The River Boyne takes its name from the Goddess Boand. Her name means the "Goddess of the White Cow." It was a belief of the ancient people that each phase of the moon was represented by a different coloured animal. The story goes that the Boyne River sprang up when Boand, who had been forbidden to go near a certain secret well, approached the well. The waters rose up and engulfed her and flowed towards the sea. Boand became the river and the river is the goddess. Boand had borne the son of Dagda Mor, one of the greatest of all the De Danaan gods. The child's name was Aengus, the god of love. Aengus lived here in "The Palace" at Newgrange and is buried here.
The ancient Book of Lecan described the origins of Newgrange like this:
There was Eochaid Ollathair, The Dagda Mor,
son of Eladan, son of Delbaith, eighty years in the
Kingdom of Erin. It was he who had three sons, Aengus
and Aed and Cermaid. It was upon these four the men
of Erin made the Sidh of the Brugh.
Every time I enter the mound at Newgrange, I get goose-bumps. The beauty, the artwork, the mystical pulse that throbs through the atmosphere, all combine to make Brugh Na Boinne — Newgrange, Knowth and Dowth, indeed the whole Boyne Valley — a magical place for me.
Memories
I remember very clearly, the first time I visited Newgrange. There had been a light drizzle of rain early in the day. As I drove north out of Dublin it began to ease off a bit and by the time I had reached Glasnevin Cemetery it had stopped. Approaching Finglas, the clouds had begun to move and patches of blue sky were appearing. On reaching open country the sun was shining gloriously, the harbinger of a beautiful day to come. In Slane I took the road to the right and following signs, made my way towards Newgrange. I had read about it but was not prepared for the magnificence of the building. Rounding the bends on the small country roads I caught a side view of it on my right and could not take my eyes off of it. On rounding the final bend and coming up on the full frontal view in the brilliant morning sunshine I was mesmerised! I barely remember paying the entrance fee and getting the little coloured sticker. On the walk across the field to the entrance I kept smiling to myself and gazing in wonder at the shining building.
As I walked, or rather floated, up the long passageway between the tall carved stones, with ten or twelve other people and our guide, the hairs on the back of my neck began to rise and tingle.
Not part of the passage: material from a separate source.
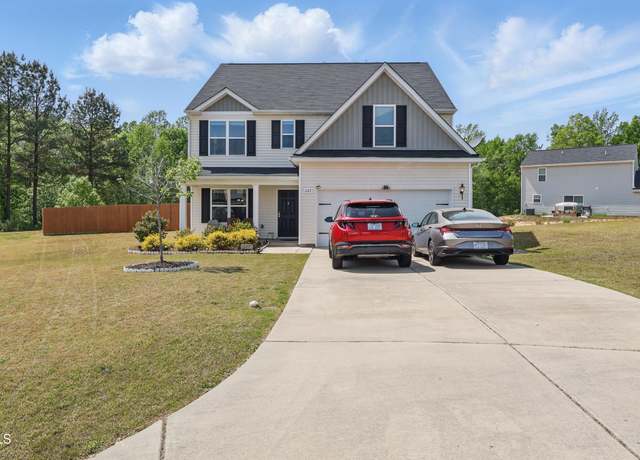 Property at 227 Sumter Ct, Burlington, NC 27217, 4 beds, 2.5 baths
With every step I took up into the chamber I was more and more convinced that I had been there before.
After our guide had given her talk about the various carvings, the stone basins and the corbelled roof, she asked if anyone had any questions. I said "There's a feather carved somewhere here." Where I got this information from I don't know, I certainly had not read it or heard it anywhere. Stepping away from where she had been standing and pointing it out on the megalith that had been at her back, she said "I nearly forgot about that. It's not a feather, it's a fern." I was dumbstruck!
Written on the Stones
Stones that stand in circles,
Circles carved on stone,
Sunlight shining through the earth,
Winds that sigh and moan
Singing hymns on mystic hills
By the river bend;
Seasons in their turning
From dark to light again.
Chorus:
See the stones! See the stones!
The answers to the mysteries
Are written on the stones.
Ancient masters carved them
Five thousand years gone by.
Knowledge scanned from Sol's bright course
And the starry sky.
Saving for posterity
Things that should be known;
Knowledge for the seeker
Carved upon a stone.
Chorus:
— Tommy Makem
William's Glen
If we take the road between the Brugh Na Boinne and the bend in Boand's river and travel northeast past Dowth, we come to William's Glen at Oldbridge. It's so called, because here on 1 July 1690 the soldiers of William of Orange, a prince of the Low Countries (Belgium and the Netherlands), defeated the soldiers of King James II of Scotland, for the throne of England. This famous battle has affected Irish history even to the present day.
A few miles up the road straight ahead, we would come to the town of Drogheda, where three thousand citizens were slain when Oliver Cromwell sacked the town in 1649. We are taking this little road to the left and it will lead us to Mellifont Abbey, near the village of Collon in County Louth.
Mellifont Abbey
Mellifont Abbey, the first Cistercian monastery built in Ireland, was founded in 1142 by St. Malachy, who was archbishop of Armagh. The saint, born Malachy O'Morgair in the city of Armagh, travelled to France as a young monk. At the monastery in Clairvaux, where his good friend St. Bernard was abbot, he became very impressed by the monastery and its lifestyle. Later, Malachy sent a few of his novices to study life in Clairvaux and they, on returning to Ireland, formed the nucleus of the Mellifont community. Even the site on the Mattock River was chosen because of its similarity to Clairvaux.
The Abbey Church was consecrated in 1157 and under the orders of King Henry VIII was suppressed in 1539. It came into the possession of one Edward Moore, who was an ancestor to the earls of Drogheda. From him, it passed to the Balfour family of nearby Townley Hall. The Lavabo, which was built in the thirteenth century, was octagonal, but only four sides of it remain today. The Chapter House at Mellifont was built in the fourteenth century. It had two stories and a beautiful groined roof.
Tara
We take the Navan Road out of Slane and a few miles south of Navan, a little road to our right leads us to one of the most important places in Ireland — The Royal Hill of Tara.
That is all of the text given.